[Given records Boundary: Start]

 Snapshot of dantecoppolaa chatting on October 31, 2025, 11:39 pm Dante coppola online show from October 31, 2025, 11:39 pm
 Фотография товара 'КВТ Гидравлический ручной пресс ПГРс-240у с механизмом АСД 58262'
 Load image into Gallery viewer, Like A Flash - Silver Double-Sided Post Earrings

[Given records Boundary: End]
[Given records Boundary: Start]

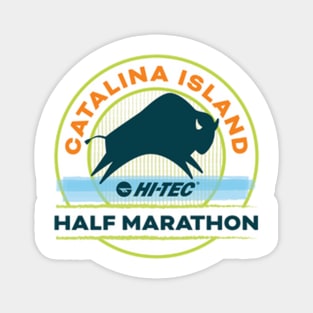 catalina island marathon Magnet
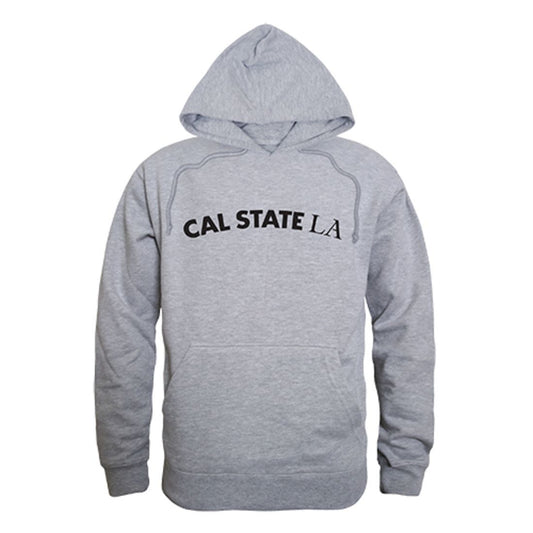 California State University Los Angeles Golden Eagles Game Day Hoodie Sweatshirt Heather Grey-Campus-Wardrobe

[Given records Boundary: End]

**What is needed:** Please transcribe exactly the part of the records that opens with the line containing "catalina island marathon Magnet" and closes with the line containing "California State University", both ends included, and leave out the pictures.

**Your solution:**
 catalina island marathon Magnet
 California State University Los Angeles Golden Eagles Game Day Hoodie Sweatshirt Heather Grey-Campus-Wardrobe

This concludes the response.